Together with DNA methylation and histone marks, ncRNAs are critically involved in obesity and diabetes-related cardiovascular damage. Several miRNAs, including miR-320b, miR-29b, miR-1, miR-133a and miR-499 were found to be involved in the persistence of myocardial damage despite intensive glycemic control (53).
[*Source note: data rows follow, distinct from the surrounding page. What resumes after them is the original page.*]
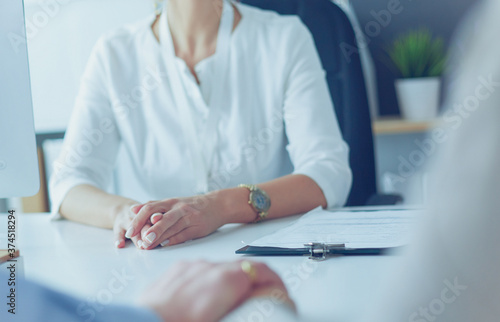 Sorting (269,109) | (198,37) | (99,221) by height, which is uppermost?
(198,37)

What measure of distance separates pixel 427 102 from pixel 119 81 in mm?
1613

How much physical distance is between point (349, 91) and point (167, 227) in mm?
839

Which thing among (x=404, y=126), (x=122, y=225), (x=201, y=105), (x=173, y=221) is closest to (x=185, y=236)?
(x=173, y=221)

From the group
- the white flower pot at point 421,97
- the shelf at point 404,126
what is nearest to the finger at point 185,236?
the shelf at point 404,126

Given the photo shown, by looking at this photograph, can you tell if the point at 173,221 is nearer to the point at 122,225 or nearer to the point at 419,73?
the point at 122,225

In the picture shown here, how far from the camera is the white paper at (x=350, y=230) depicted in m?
0.83

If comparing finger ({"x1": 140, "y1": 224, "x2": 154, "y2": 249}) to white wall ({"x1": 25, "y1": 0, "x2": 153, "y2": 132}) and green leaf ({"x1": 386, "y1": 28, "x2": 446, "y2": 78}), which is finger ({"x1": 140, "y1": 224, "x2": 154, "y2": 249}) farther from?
green leaf ({"x1": 386, "y1": 28, "x2": 446, "y2": 78})

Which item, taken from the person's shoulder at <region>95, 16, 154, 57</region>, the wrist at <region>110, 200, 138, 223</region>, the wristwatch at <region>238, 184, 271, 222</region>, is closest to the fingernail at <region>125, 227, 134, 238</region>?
the wrist at <region>110, 200, 138, 223</region>

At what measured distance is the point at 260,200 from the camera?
1119mm

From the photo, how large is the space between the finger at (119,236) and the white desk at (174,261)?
16mm

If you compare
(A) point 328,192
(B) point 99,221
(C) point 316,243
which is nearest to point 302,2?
(A) point 328,192

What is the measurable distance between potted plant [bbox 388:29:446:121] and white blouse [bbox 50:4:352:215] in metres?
1.22

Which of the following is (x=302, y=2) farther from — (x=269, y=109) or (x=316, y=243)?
(x=316, y=243)

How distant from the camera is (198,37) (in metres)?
1.60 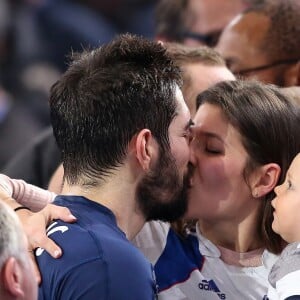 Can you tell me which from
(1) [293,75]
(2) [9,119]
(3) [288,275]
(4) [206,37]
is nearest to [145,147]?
(3) [288,275]

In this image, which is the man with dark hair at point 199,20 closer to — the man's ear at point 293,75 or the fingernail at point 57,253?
the man's ear at point 293,75

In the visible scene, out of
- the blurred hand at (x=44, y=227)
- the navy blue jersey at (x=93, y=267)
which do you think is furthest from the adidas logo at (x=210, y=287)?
the blurred hand at (x=44, y=227)

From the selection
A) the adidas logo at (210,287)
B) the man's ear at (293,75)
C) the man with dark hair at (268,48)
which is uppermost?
the man with dark hair at (268,48)

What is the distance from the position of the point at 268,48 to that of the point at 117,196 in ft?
4.06

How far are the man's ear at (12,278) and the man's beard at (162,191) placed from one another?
59 cm

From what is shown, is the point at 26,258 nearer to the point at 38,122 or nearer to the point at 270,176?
the point at 270,176

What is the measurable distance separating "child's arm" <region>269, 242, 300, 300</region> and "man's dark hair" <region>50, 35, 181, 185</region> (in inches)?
15.5

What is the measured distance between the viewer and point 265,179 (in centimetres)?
228

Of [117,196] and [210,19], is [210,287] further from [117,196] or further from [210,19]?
[210,19]

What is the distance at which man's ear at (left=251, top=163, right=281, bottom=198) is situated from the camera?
2262mm

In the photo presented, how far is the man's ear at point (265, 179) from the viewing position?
7.42 ft

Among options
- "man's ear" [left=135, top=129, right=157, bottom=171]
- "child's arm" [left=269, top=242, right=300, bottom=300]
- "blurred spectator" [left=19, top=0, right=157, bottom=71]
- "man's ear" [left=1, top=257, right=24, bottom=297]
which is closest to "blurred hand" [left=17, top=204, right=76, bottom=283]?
"man's ear" [left=135, top=129, right=157, bottom=171]

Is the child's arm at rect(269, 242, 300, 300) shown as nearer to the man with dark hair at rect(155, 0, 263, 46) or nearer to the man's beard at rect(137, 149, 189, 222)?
the man's beard at rect(137, 149, 189, 222)

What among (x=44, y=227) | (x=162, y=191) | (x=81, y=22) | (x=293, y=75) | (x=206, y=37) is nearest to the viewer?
(x=44, y=227)
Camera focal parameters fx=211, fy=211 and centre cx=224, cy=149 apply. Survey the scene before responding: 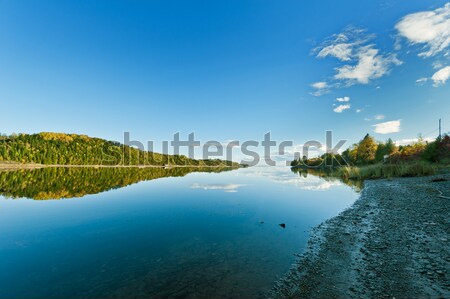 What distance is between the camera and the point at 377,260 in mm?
7535

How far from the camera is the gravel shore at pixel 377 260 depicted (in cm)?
589

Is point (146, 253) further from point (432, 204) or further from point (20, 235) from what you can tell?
point (432, 204)

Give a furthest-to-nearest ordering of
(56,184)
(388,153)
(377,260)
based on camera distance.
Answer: (388,153) < (56,184) < (377,260)

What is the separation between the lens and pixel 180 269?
Answer: 7.53 metres

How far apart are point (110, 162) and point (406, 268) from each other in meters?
220

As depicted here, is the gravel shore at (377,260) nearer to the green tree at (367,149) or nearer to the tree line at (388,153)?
the tree line at (388,153)

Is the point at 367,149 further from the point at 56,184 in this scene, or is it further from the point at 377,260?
the point at 56,184

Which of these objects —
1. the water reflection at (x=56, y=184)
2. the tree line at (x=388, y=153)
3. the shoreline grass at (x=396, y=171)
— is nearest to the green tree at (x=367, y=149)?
the tree line at (x=388, y=153)

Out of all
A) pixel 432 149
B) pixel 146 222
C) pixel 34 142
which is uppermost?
pixel 34 142

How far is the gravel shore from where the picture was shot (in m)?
5.89

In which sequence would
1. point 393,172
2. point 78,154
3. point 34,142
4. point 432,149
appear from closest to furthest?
1. point 393,172
2. point 432,149
3. point 34,142
4. point 78,154

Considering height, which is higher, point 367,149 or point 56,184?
point 367,149

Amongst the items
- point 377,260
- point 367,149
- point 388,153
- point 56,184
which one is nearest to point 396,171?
point 377,260

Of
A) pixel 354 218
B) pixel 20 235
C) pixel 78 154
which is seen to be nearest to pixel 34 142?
pixel 78 154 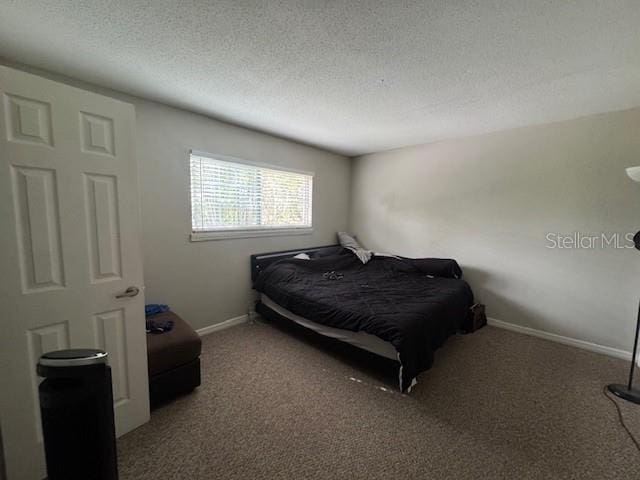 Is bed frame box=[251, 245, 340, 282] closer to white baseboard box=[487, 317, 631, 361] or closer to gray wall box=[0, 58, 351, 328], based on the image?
gray wall box=[0, 58, 351, 328]

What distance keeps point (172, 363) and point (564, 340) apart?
12.6ft

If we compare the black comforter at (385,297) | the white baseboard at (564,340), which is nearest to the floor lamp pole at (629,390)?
the white baseboard at (564,340)

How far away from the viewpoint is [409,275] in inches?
136

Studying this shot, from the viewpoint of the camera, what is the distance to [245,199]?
322 cm

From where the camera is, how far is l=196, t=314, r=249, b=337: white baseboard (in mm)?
2924

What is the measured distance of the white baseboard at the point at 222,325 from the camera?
Answer: 2924 millimetres

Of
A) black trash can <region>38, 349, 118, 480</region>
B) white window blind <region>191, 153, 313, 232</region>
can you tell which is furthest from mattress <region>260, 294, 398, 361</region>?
black trash can <region>38, 349, 118, 480</region>

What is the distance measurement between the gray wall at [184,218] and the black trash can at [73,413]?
1907 millimetres

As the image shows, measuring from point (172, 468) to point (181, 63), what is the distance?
2.48 metres

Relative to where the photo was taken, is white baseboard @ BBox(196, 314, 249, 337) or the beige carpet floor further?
white baseboard @ BBox(196, 314, 249, 337)

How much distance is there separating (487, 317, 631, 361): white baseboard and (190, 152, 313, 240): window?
283cm

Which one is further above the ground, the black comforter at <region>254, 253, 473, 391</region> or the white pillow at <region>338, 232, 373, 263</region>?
the white pillow at <region>338, 232, 373, 263</region>

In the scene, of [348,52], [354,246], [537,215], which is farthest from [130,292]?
[537,215]

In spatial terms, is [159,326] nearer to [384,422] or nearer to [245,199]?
[245,199] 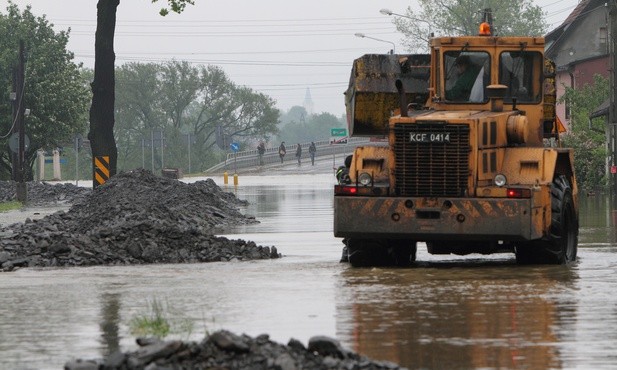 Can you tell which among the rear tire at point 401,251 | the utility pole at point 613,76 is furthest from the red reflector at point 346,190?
the utility pole at point 613,76

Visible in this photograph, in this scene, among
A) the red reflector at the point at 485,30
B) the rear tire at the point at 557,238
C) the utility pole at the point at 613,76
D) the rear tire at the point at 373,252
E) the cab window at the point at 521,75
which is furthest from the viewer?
the utility pole at the point at 613,76

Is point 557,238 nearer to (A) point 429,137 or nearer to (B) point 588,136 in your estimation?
(A) point 429,137

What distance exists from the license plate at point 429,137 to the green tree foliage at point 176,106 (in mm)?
131545

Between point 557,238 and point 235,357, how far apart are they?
409 inches

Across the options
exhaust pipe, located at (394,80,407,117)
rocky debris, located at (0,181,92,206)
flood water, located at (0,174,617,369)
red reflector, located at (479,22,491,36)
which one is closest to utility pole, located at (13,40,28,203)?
rocky debris, located at (0,181,92,206)

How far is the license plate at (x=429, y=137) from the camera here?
19094 mm

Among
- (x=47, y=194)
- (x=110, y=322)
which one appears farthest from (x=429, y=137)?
(x=47, y=194)

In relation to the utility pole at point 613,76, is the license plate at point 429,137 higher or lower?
lower

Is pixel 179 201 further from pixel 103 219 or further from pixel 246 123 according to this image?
pixel 246 123

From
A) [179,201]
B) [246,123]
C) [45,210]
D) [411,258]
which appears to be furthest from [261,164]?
[411,258]

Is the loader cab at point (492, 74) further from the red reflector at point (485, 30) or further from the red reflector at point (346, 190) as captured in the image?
the red reflector at point (346, 190)

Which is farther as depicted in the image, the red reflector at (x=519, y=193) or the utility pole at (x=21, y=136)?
the utility pole at (x=21, y=136)

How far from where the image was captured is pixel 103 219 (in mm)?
31516

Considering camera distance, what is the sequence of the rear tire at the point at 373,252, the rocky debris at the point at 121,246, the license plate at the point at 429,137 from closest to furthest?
the license plate at the point at 429,137 < the rear tire at the point at 373,252 < the rocky debris at the point at 121,246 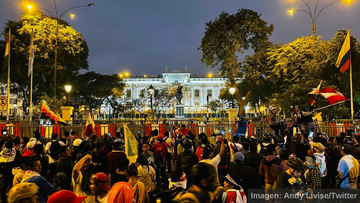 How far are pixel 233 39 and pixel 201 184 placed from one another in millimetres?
23575

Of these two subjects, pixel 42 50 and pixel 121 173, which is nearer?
pixel 121 173

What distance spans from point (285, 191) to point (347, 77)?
71.2 feet

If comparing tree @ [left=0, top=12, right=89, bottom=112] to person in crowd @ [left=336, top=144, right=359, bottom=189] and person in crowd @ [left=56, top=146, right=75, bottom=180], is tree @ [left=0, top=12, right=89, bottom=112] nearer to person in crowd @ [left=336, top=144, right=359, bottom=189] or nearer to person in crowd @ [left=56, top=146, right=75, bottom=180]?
person in crowd @ [left=56, top=146, right=75, bottom=180]

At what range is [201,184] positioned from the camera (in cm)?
355

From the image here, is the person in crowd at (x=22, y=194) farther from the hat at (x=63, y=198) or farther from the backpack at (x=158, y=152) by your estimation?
the backpack at (x=158, y=152)

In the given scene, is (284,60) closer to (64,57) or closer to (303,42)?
(303,42)

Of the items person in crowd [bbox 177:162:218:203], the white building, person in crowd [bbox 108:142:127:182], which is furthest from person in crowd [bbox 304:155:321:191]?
the white building

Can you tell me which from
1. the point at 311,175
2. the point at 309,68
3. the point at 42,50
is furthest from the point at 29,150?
the point at 42,50

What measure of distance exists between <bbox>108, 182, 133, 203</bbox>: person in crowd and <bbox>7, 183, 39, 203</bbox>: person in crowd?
0.93 metres

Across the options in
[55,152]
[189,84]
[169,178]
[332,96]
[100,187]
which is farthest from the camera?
[189,84]

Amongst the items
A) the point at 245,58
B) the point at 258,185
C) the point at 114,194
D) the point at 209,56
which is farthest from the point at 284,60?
the point at 114,194

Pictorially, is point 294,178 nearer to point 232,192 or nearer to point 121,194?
point 232,192

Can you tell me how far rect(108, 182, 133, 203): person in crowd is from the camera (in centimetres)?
375

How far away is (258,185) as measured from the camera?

Targeting these miRNAs, which are actively involved in myocardial fibrosis, hypertrophic growth, oxidative stress and autophagic response, may represent a potential strategy to prevent diabetic cardiomyopathy and heart failure (53). Along the same line, miR-34 and miR-218 were found to play a pivotal role in the diabetic heart (29). Specifically, miR-34 and miR-218 – respectively targeting deacetylase SIRT1 and methyltransferase DNMT3b - were found to be upstream regulators of chromatin accessibility, leading to persistent upregulation of oxidant genes despite restoration of normoglycemia (29). Zhong et al. have shown that several miRNAs persistently derail transcriptional programs in the vascular endothelium. In particular, miR-125b, miR-146a-5p, and miR-29a-3p – respectively targeting inflammatory cytokines TNF-α-induced protein 3 (TNFAIP3), TNF receptor-associated factor 6 (TRAF6) and IL-1 receptor (IL-1R) – were associated with a persistent impairment of endothelial function and altered expression of proinflammatory genes (54). Direct inhibition of miR-125b or miR-146a-5p overexpression blunted NF-kB-related signals and improved endothelial function (54). A further study showed that restoration of normoglycemia was not able to blunt miR-23b-3p upregulation in retinal endothelial cells, and this contributed to diabetic retinopathy through a SIRT1/NF-kB signalling pathway (55). In patients with T2DM, the expression of miR-326 – a direct modulator of adiponectin and adiponectin receptors (ADIPOR)-1, ADIPOR-2 - was elevated and negatively correlated with adiponectin levels. Of note, miR-326 upregulation was not affected by 12-months of antidiabetic treatment, suggesting its contributions to cardiometabolic disturbances, even in the presence of target HbA1c levels (56).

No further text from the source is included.